Archive for the ‘write code’ Category

Building a Track and Trace Application with CouchDB

Sunday, December 28th, 2008

Background

In my compay we use a logistics application called huLOG. Part of huLOGs (award winning) functionality is to aggregate track and trace events from about two dozen sources. The events are schema free in there nature: some might contain a ZIP code, some may geographic coordinates attached, some relate to a certain packet or pallet (called “movable unit” in huLOG-spreak) some relate to a certain shipment (which is a group of movable units). Some have file attachments, e.g. Images of the packages, signatures proofing delivery or pictures of the number plates of the trucks.

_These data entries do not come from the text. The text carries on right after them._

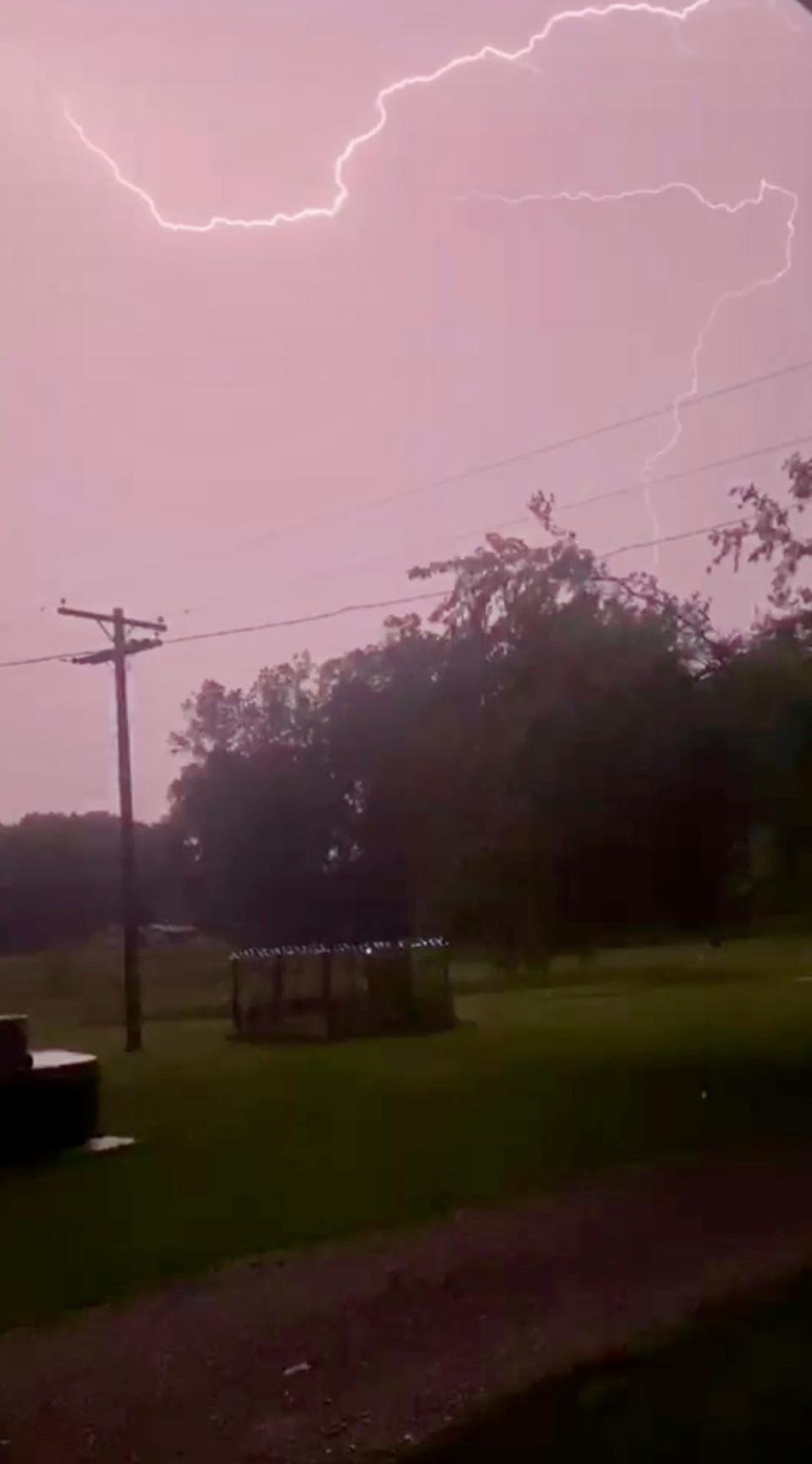 Ridin' the storm out. Streaks of lightning crack the sky during a storm in Carleton. Provided by Gabby Williams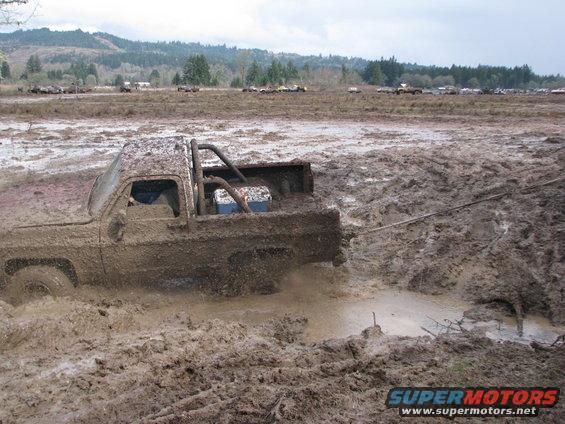 Mud-covered pickup truck stuck in a mud pit, with a tow rope attached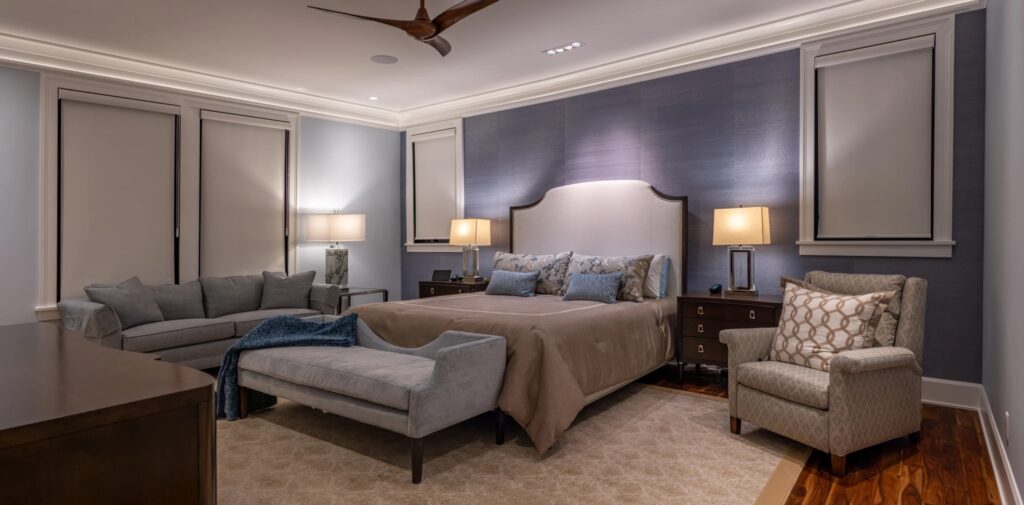 A photograph of a furnished bedroom with a bed in the middle, a couch on one side and an easy chair on the other. There are three lamps, two on either side of the bed and one on the couch. Where the ceiling meets the wall, there is cove lighting illuminating the space.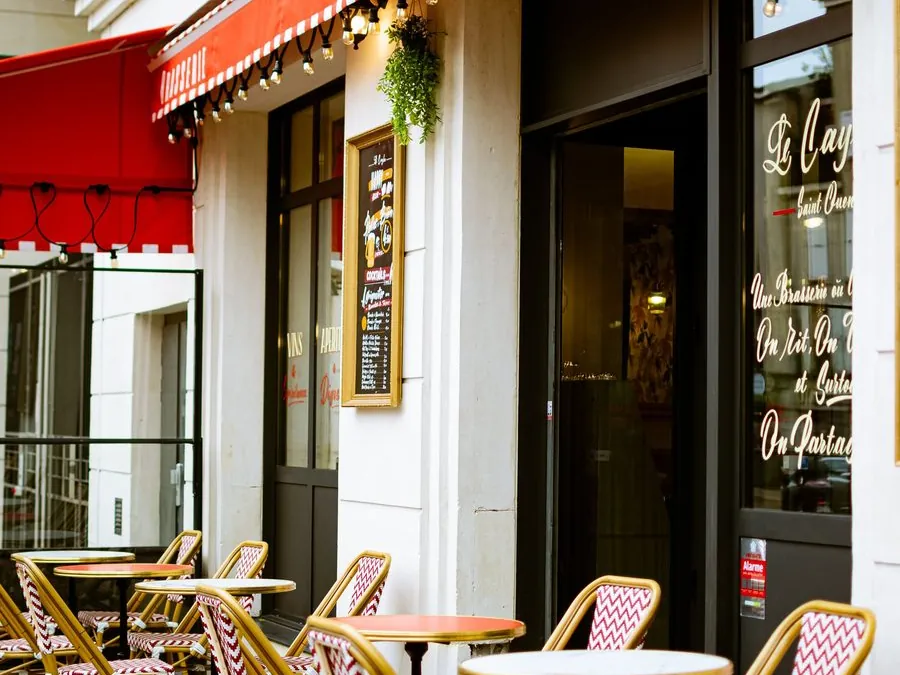 Terrasse de brasserie avec tables rondes, chaises bistrot et store rouge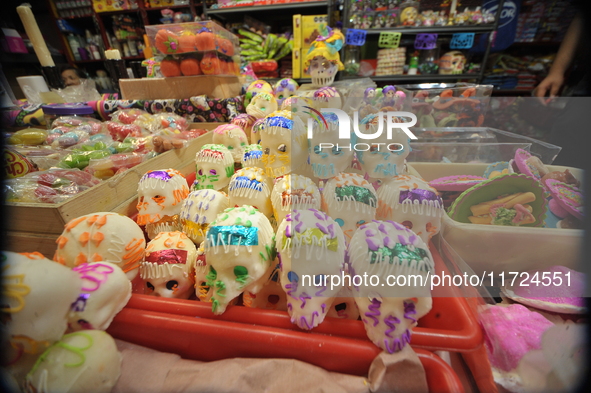 Sugar skulls, known as calaverita de azucar, are seen at a stand inside a market in the municipality of San Juan del Rio. Local market vendo...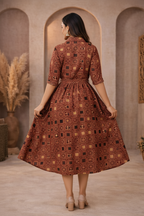 Back view of brown patterned dress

My first approach was an SQL database. Later I coupled it with a self-designed Document store called DoDoStorage. For background on that project see here, here and here.

In summer 2007 we experienced severe performance problems with DoDoStorage. I started a rewrite in Erlang and came across Damien Katz and his then obscure CouchDB project. It was just in the transition from XML to JSON and Damion assured me that “it will not be production ready for an other two years”.

So we decided to solve the DoDoStorage speed issues with more hardware for the time being.

In Fall 2008 the landscape for CouchDB hat changed: it was now the hot thing in database technology and everybody’s darling. CouchDB 0.9 came around and it started to look usable for serious use. We hired Jan Lenhardt, one of the CouchDB core team to work with us on moving huLOG from PostgreSQL and DoDoStorage to CouchDB.

In December we started migrating services and data over to a CouchDB based system. While CouchDB has its wards we are very happy with it so far.

Data Model

As stated above tracking data comes in many different flavors ad colors. It might reference an MUI (”movable unit ID”), a shipment or both. Let’s concentrate on events referencing a MUI. Some typical tracking events might look like this:

{
   "_id": "01420000000378-20061005T064500.000000",
   "mui": "01420000000378",
   "shipment": 572,
   "message": "Processing, 0132-Vlotho, Route 0132, Code 101",
   "code": "410",
   "timestamp": "20061005T064500.000000",
   "facility": "DPD Depot 0132",
   "ort": "Vlotho (DE)",
   "plz": "32657"
},
{
   "_id": "01420000000378-20061005T085400.000000",
   "mui": "01420000000378",
   "shipment": 572,
   "message": "proof of delivery",
   "code": "421",
   "timestamp": "20061005T085400.000000",
   "plz": "32634",
   "_attachments": {
       "POD.pdf": {
           "stub": true,
           "content_type": "application/pdf",
           "length": 136446
       }
   }
}

One thing about my choice of keys (the _id field). I have choosen a “meaningful” ID over traditional “random” UUIDs. The IDs we use consist of MUI-Timestamp The Timestamp is the time the event was generated (e.g. the pallet was loaded). The good news is that this automatically keeps my database free of duplicates. If I import the same file with events twice, the events will have the same IDs during both imports and thus the second import will overwrite the first one: exactly what I want.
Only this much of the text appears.